5) The Patient-assisted Transport Scheme (PATS) must be extended to dental patients.
6) Dental services should be subsidised to all needy Aboriginal and Torres Strait Islander patients to reduce or eliminate cost as a barrier to accessing services..
7) Aboriginal and Torres Strait Islanders in correctional facilities should have access to culturally appropriate oral health programs.
8) All oral health workers must receive cultural awareness training either as part of their initial training or through on-going professional development. This will increase the level of culturally accessible oral health services.
9) There should be support for more Aboriginal and Torres Strait Islander individuals to be trained in all the oral health profession: dentists, dental hygienists, dental therapists, etc.
10) The Australian Dental Council (ADC) should include performance indicators for training schools for recruitment and retention of Aboriginal and Torres Strait Islander trainees and have a target of 2.4% of each profession being Aboriginal and/or Torres Strait Islander individuals.
11) Oral health should be included in the core training of all health workers including Aboriginal Health Workers.

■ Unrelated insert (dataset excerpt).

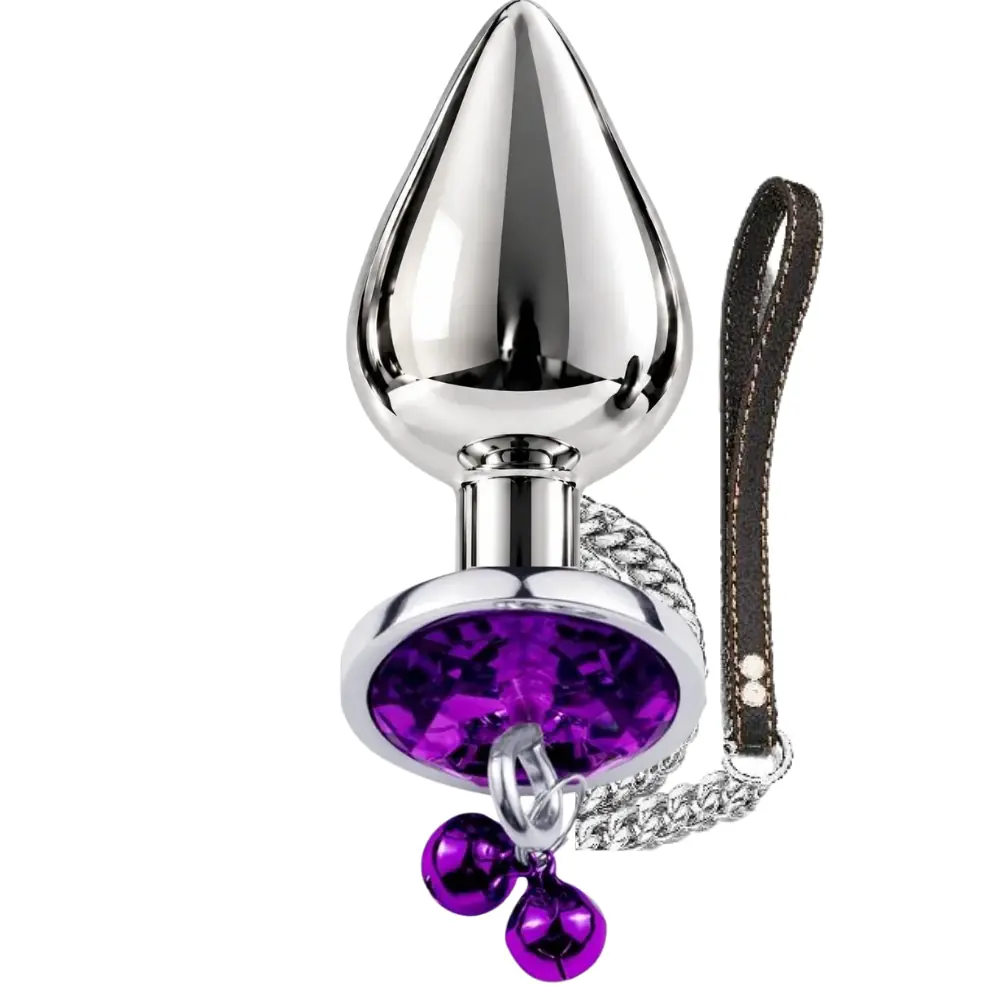 The Anal Fantasy Asslock Tasmalı Metal Anal Plug – Medium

12) Fluoridation of drinking water supplies is an effective strategy to reduce oral health problems.
13) Culturally appropriate Oral Health promotion materials need to be developed, tested for impact, and widely disseminated if effective.
14) Improved and regular collection of data on Aboriginal oral health status and use of services is needed to allow monitoring of the impact of interventions and assessment of achievement of oral health goals and targets.
15) Work with all Australian governments to develop oral health service provision at all its member health services.
16) Work with stakeholders to develop cultural awareness training for all oral health workers.
17) Campaign in support of fluoridation of city, town and community water supplies.
18) Improve the level of useful Aboriginal oral health data initially by influencing the capacity for the sector to collect national data collection in those Aboriginal Community Controlled Services with an existing oral health service – e.g periodontal and dental caries status, oral hygiene knowledge and periodontal disease links with Diabetes etc.
19) Support research to collect information on the areas of individual oral health behaviours, knowledge and barriers in regards to oral health including the availability and affordability of oral hygiene items.
NACCHO calls upon the Federal Government, in collaboration with state and territory governments and NACCHO, to:
20) Fully fund and implement the 2014 National Partnership Agreement
21) Set and monitor goals and time specific targets in relation to meeting a range of oral health outcomes such as caries rates, periodontal disease rates and tooth extraction rates.
22) Formally recognise oral health as a key part of Aboriginal holistic health care to be provided by ACCHSs.
23) Allocate resources specifically for oral health services for Aboriginal peoples.
24) Increase oral health promotion activities in ACCHSs. This would require both increased financing for the development and testing of suitable materials, service provision and training of the AHW workforce.
25) Provide subsidised tooth brushes, tooth paste and floss to all remote communities in the first place and extend this as necessary to other communities where data collection indicates there is an access issue for these items.
NACCHO calls upon state and territory governments to:
26) Fluoridate all town, city and Aboriginal community water supplies that do not naturally contain a level of fluoride sufficient to prevent dental caries and immediately fluoridisation where this has ceased.